The figure below presents a high-level architecture of RDMA for Apache Hadoop 2.x. In this package, many different modes have been included that can be enabled/disabled to obtain performance benefits for different kinds of applications in different Hadoop environments. This package can be configured to run MapReduce jobs on top of HDFS as well as Lustre.
Following are the different modes that are included in our package.
- HHH: Heterogeneous storage devices with hybrid replication schemes are supported in this mode of operation to have better fault-tolerance as well as performance. This mode is enabled by default in the package.
- HHH-M: A high-performance in-memory based setup has been introduced in this package that can be utilized to perform all I/O operations in-memory and obtain as much performance benefit as possible.
- HHH-L: With parallel file systems integrated, HHH-L mode can take advantage of the Lustre available in the cluster.
- HHH-L-BB: HHH-L-BB mode deploys a Memcached-based burst buffer system to reduce the bandwidth bottleneck of shared file system access. The burst buffer design is hosted by Memcached servers, each of which has a local SSD.
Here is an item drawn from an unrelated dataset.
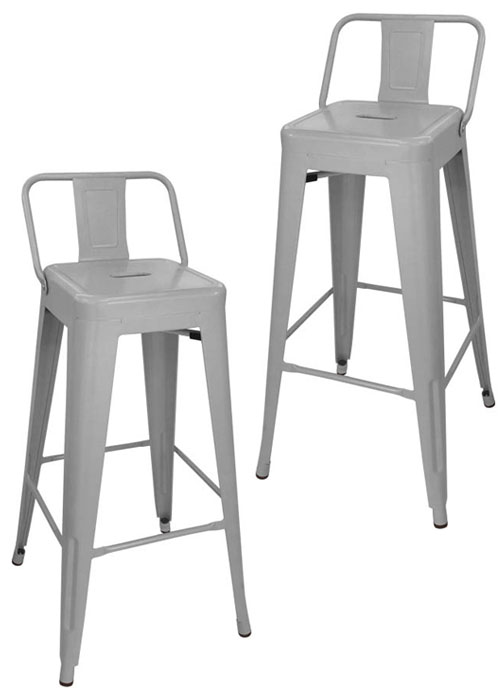 Set Taburete alto Tolix RM SP x2 Tono Gris Plata Perlado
- MapReduce over Lustre, with/without local disks: Besides, HDFS based solutions, this package also provides support to run MapReduce jobs on top of Lustre alone. Here, two different modes are introduced: with local disks and without local disks.
- Running with Slurm and PBS: Supports deploying RDMA for Apache Hadoop 2.x with Slurm and PBS in different running modes (HHH, HHH-M, HHH-L, and MapReduce over Lustre).